The City of South Lake Tahoe has a moral and legal obligation to reinstate the permits and waiting list existing at the time the unconstitutional measure passed. The former City Council could have postponed enactment of the measure until the legal issues were resolved, but chose to support a progressive democrat platform instead of our local small investors.

Now that it is settled that Measure T was unconstitutional, everything should be restored as closely as possible to how it existed at the time it passed. The interruption in the permits is not the fault of the permit holders; they did nothing wrong and suffered enormously. Any other action would be immoral and a breach
of contract with the permit holders. As constructed, the permits are automatically renewable contracts which are binding under California law. The permit holders who were forced to sell their properties because of Measure T should be afforded an opportunity to re-establish in a new location.

Also, as I have previously documented, Measure T was not only unconstitutional because of the preference for residents the court cited for invalidating it, the measure also violated the “California Constitution, ARTICLE II VOTING, INITIATIVE AND REFERENDUM, AND RECALL [SECTION 1 – SEC. 20] SEC. 11.
(a) Initiative and referendum powers may be exercised by the electors of each city or county under procedures that the Legislature shall provide. Except ….(b) A city or county initiative measure may not include or exclude any part of the city or county from the application or effect of its provisions” (applicable to South Lake Tahoe because it is not a Charter City). Because Measure T only applied to specific sections
of the city. The City should have prevented the measure from being placed on the ballot in the first place.

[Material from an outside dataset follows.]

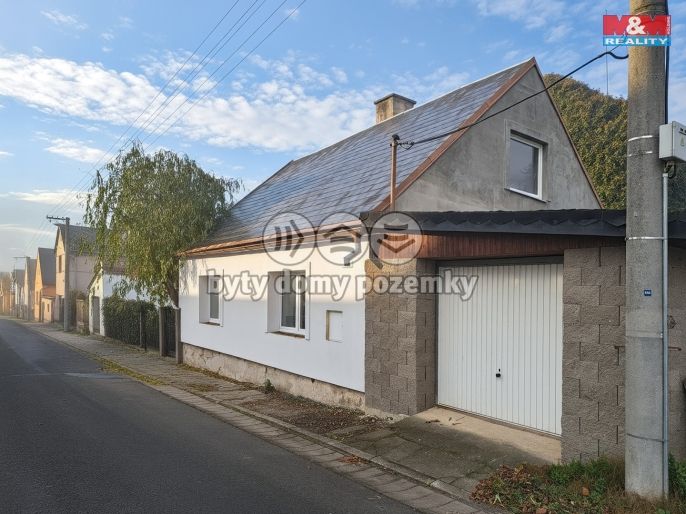 Pronájem, Byt 2+1, Třebusice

There has been some rumors about mythical problems re-issuing the permits from the pro Measure T factions, it is all nonsense. All 1,400 permits were re-evaluated, inspections made and new permits issued every year in the past, so it is obviously not that big a deal.

It would save time in processing renewal of the permits if the City would recognize that those in good standing at the time Measure T took effect should be considered to still be in good standing now, as its invalidation should return everything to the point where it took effect. And there would be no need to process all of the future renewals on the same day as alleged if the City would simply maintain the permits
original anniversary dates for renewal and simply pro-rate their first permit fees for the number of months it will be valid – thereafter, they will automatically be staggered the same as they were prior to the illegal interruption.

VHRs are really no different than any other home; people stay there, eat there, sleep there – the same as every other residence in the city. The rules should be the same for all residences and enforced the same too.

The new rules should prevent any parties are other disturbances for both.

There is also nothing wrong with operating them as a business. State, Federal and even the IRS recognize the right to operate a business in a residence. Accountants, contractors, writers, artists and many other professions routinely operate a business in their homes.

Measure T had a devastating effect on the local economy and employment and the City needs the TOT revenue that the VHRs would provide. Let’s get SLT working again – Restore the VHR Permits Now.